Disclaimer: I don't own Harry Potter nor anything affiliated with it; if you recognize it, it isn't mine.
Rating: M (language) (adult themes)
WARNING: This chapter contains ongoing references to subjects warned about in previous chapters.
Spoilers: I might refer to content from the books; be forewarned.
Author's Note: I'm so pleased that people are actually enjoying this. I am feeling really passionate about writing this story, so I hope it continues to be worthwhile. =)
In the Face of Death
Chapter 3: Unrest
Draco Malfoy and Ron Weasley arrived at the Auror department within the Ministry late into the night. The offices were nearly still as death, the night-desk manned by a nervous low-ranking Auror who knew nothing but where he was meant to send people in the event of their arrival. Everyone else was either home for the night, having missed the summons, or in the field. By morning, the field work at the scene would be done, and this place would be a flurry of activity, and not only because of the case itself; when the Minister made his announcement in the morning, the very framework of wizarding society would be thrown into upheaval. They had to be ready.
"I want all branch offices of magical law enforcement put on full alert for the Minister's announcement in the morning," Malfoy barked as he passed the night desk, knowing the underling wouldn't have any idea what he was talking about. It hardly mattered; the man's rank didn't entitle him to an explanation anyway. "See to it."

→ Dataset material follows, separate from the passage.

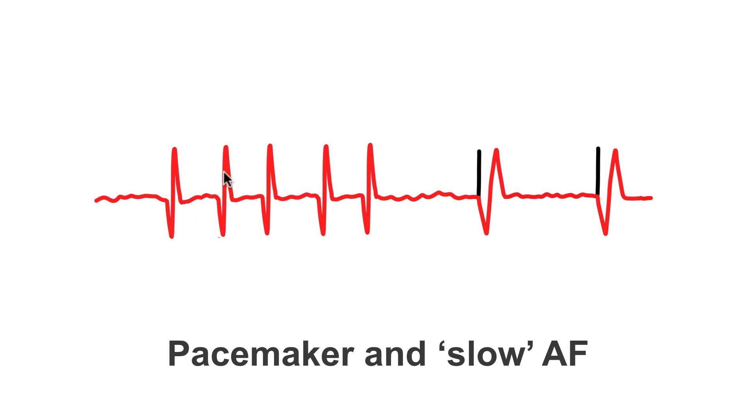Here we have QRS complexes reasonably close together and the pacemaker can see that the heart is beating. Now all of a sudden, a significant pause starts to occur. The pacemaker recognizes this, delivers an output pulse into the ventricles and creates this broader pacing complex. This will alleviate any symptoms the patient is having as a result of significantly slow heart rate or significant pauses. We don't need an atrial lead because we know this person is in atrial fibrillation and all this information is of no use to us.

"Sir?" the lackey questioned.
"Just do it," Ron said as he followed on Malfoy's heels. Jaansen, he thought the rookie's name was, stared after them with wide eyes, then set about making Floo calls and charming interdepartmental memos to the right people.
They cut through the department swiftly, bypassing Malfoy's office, and heading straight through to the big door at the back. They heard someone else arrive behind them, the individual inquiring at the night desk and being told off by a flustered Jaansen for interrupting important work, and Seamus Finnegan caught up with them a moment later as Malfoy drew his wand and waved it at the door to the head's office.
"Ron," he called out, rushing to join them. "I missed the recall, can you fuckin' believe it? I was with my girlfriend and Neville didn't get me on the Floo. What the bloody hell's gone down?" Finnegan paused to watch Malfoy. "And what the hell is he doing?"
"The office seals itself in the event of the death of the Auror holding that office, for evidentiary purposes," Malfoy replied as the door opened for him.
"Harry was killed tonight," Ron added soberly.
"Oh, bloody Christ," Seamus moaned, and crossed himself, a practice learned from his Catholic Muggle father.
The letters that spelt out Harry's name on the door sank back into the surface, and new ones rose, so that it now read Draco Malfoy. The letters were still in the process of etching themselves gold against the black surface of the door when Malfoy pushed through and immediately spotted the letter on the desk that he had expected would be waiting.
"Wait a minute," Finnegan turned to Ron, looking confused. "Why's the office letting him in? You don't expect me to believe he's the head Auror. It's his job to investigate us… er… not that we have anything to hide…"
Malfoy sized up Seamus Finnegan. Gryffindor. Same year as Potter and himself at Hogwarts… probably trustworthy. So what was he worried about hiding? Ah, yes, the rumor that had circulated the year before, Malfoy guessed.
"I know all about the pig and the firewhiskey, Finnegan, and the office would let me in either way, seeing as I'd still be the Auror assigned the case even if I hadn't been made the department head. Which, incidentally, I have," he said blandly before addressing Ron. "Do you trust him, Weasley?"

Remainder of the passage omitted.